A injecção de fosfato de cloroquina está indicada para o tratamento de malária falciparum, malária vivax, malária trivivax e doentes de malária ovárica que são sensíveis à cloroquina. Pode também ser utilizado para tratar amebíase extra-intestinal, como abscesso hepático amebico. Aguarde que o paciente mude para medicação oral quando a condição melhorar.
carácter
Este produto é incolor ou líquido transparente quase incolor.
Indicações
É utilizado para tratar doentes com malária falciparum sensível à cloroquina, malária vivax, malária ovale e malária ovale que não podem ser tomadas por via oral. Pode também ser utilizado para tratar pacientes com amebíase parenteral, como abscesso hepático ambéneo. Tome a medicina oral.
Especificação
5 ml: 322 mg
| Especificação | 5 ml: 322 mg |
Dosagem
Os doentes de malária cerebral receberam uma infusão intravenosa de 18-24 mg/kg no primeiro dia (calculada como 60 kg para os que pesavam mais de 60 kg), 12 mg/kg no segundo dia e 10 mg/kg no terceiro dia. A concentração é que cada 0,5g de fosfato de cloroquina é adicionado a 10% de solução de glicose ou 500ml de 5% de injeção de cloreto de sódio e a taxa de infusão intravenosa é de 12 a 20 gotas por minuto.
Reacções adversas
Pode haver fotofobia, visão de cor prejudicada, visão diminuída, e cegueira em casos graves. Pode também causar supressão do nó sinusal, levando à arritmia, contenção física, e em casos graves, síndrome A e até morte.
Tabu
São proibidos pacientes com insuficiência hepática e renal e cardiopatia.
Precauções
1. Utilizar com cautela em pacientes com eritema multiforme grave, porfiria, psoríase e doença mental.
2. A injeção de cloro não é adequada para injeção intramuscular, especialmente em crianças, sendo fácil causar depressão miocárdica. Proibido para injeção intravenosa.

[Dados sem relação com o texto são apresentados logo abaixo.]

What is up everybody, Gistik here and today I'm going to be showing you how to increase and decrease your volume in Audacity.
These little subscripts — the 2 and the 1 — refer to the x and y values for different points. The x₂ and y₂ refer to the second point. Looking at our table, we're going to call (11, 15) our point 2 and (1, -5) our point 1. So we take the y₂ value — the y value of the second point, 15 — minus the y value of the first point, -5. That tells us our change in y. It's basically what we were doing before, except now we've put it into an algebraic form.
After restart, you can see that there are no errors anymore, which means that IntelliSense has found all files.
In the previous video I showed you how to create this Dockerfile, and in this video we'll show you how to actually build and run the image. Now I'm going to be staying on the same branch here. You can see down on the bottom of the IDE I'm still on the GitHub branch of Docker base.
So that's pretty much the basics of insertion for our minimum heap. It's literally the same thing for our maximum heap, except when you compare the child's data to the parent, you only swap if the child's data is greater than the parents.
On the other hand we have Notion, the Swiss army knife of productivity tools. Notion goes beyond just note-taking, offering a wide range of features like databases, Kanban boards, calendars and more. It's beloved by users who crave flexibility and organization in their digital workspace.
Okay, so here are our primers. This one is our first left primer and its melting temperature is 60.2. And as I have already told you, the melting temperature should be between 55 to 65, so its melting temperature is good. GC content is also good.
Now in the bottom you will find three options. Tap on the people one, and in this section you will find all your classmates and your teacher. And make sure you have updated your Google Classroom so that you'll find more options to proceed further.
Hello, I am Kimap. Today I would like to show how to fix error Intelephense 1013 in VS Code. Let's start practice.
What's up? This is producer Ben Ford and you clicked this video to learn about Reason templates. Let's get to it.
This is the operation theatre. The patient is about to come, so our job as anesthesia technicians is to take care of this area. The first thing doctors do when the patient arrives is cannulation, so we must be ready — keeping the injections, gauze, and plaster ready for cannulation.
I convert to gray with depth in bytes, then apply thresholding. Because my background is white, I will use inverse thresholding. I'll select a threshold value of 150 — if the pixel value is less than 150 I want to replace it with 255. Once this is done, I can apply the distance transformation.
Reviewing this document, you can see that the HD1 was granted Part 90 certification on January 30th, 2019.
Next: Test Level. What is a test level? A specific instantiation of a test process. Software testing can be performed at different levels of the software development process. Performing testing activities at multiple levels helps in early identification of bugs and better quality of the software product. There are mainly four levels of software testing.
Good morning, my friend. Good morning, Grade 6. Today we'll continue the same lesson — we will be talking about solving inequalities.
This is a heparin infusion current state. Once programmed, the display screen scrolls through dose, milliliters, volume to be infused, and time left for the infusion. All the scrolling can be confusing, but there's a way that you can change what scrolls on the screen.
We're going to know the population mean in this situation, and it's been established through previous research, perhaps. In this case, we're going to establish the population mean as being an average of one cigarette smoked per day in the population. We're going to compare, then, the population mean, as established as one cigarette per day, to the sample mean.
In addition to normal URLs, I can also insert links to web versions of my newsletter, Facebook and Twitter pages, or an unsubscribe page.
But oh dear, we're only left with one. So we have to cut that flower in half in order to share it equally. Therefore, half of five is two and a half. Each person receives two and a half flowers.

3.Chloroquine pode causar hidrocefalia fetal, deformidades de membros e surdez, assim mulheres grávidas são contra-indicadas.
Medicação para mulheres grávidas e lactantes
São proibidas as mulheres grávidas e lactantes.
Medicina pediátrica
A dosagem é a mesma que para adultos, mas a administração intravenosa deve ser utilizada com cuidado.
Medicação geriátrica
A administração intravenosa deve ser utilizada com precaução em pacientes idosos.
interações medicamentosas
1. Este produto é utilizado em conjunto com a fenilbutazona, que pode facilmente causar dermatite alérgica.
2. Combinado com clorpromazina, é fácil agravar os danos hepáticos.
3. Este produto tem um efeito inibitório direto na junção neuromuscular, e a estreptomicina pode agravar esse efeito colateral.
4. Após a aplicação deste produto em pacientes com digitálicos, é fácil causar bloqueio cardíaco.
5. A combinação deste produto com heparina ou penicilamina pode aumentar a probabilidade de hemorragia;
6. A combinação deste produto com a primaquina pode curar a malária vivax.
7. Combinado com o cloreto de amónio, pode acelerar a excreção e reduzir a concentração sanguínea.
8. O uso concomitante com inibidores da monoamina oxidase pode aumentar a toxicidade.
9. A combinação com fluroxyprednisolona pode facilmente causar eritrodermia esfoliativa.
10. Quando utilizado em conjunto com os congéneres de cloroquina (aminofenoquina, hidroxicloroquina, etc.), pode aumentar a concentração sanguínea da cloroquina.
overdose de droga
A intoxicação aguda por cloroquina é muitas vezes fatal e a sua dose letal pode ser tão baixa quanto 50 mg (substrato)/kg. Náuseas, vômitos e sonolência aparecem rapidamente, seguidos de fala ressurrada, agitação, comprometimento visual, dispnéia por edema pulmonar e até mesmo parada. , arritmia, convulsões e coma. Quando esses fenômenos ocorrem, a droga deve ser imediatamente interrompida e o tratamento sintomático deve ser realizado, especialmente para manter a função cardiopulmonar.